◆ PROBLEM ◆
The reply should contain all the data below, repeated exactly, and none of the images.

◆ GIVEN INFORMATION ◆
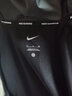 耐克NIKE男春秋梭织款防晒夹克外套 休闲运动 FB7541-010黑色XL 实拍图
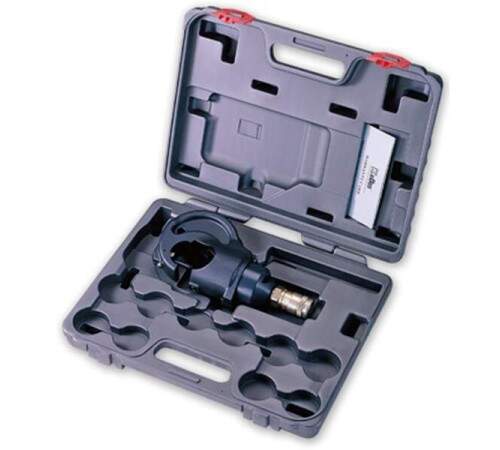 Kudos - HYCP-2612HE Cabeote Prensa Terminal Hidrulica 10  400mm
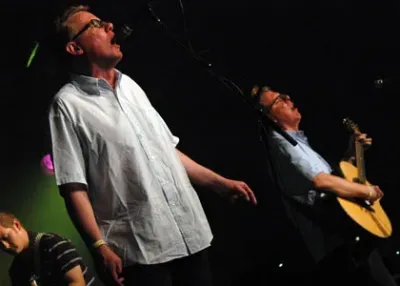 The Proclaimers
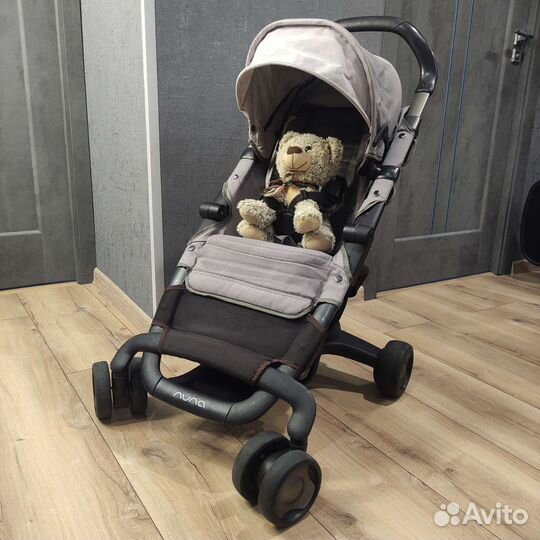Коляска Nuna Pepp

◆ ANSWER FOR THIS EXERCISE ◆
 耐克NIKE男春秋梭织款防晒夹克外套 休闲运动 FB7541-010黑色XL 实拍图
 Kudos - HYCP-2612HE Cabeote Prensa Terminal Hidrulica 10  400mm
 The Proclaimers
Коляска Nuna Pepp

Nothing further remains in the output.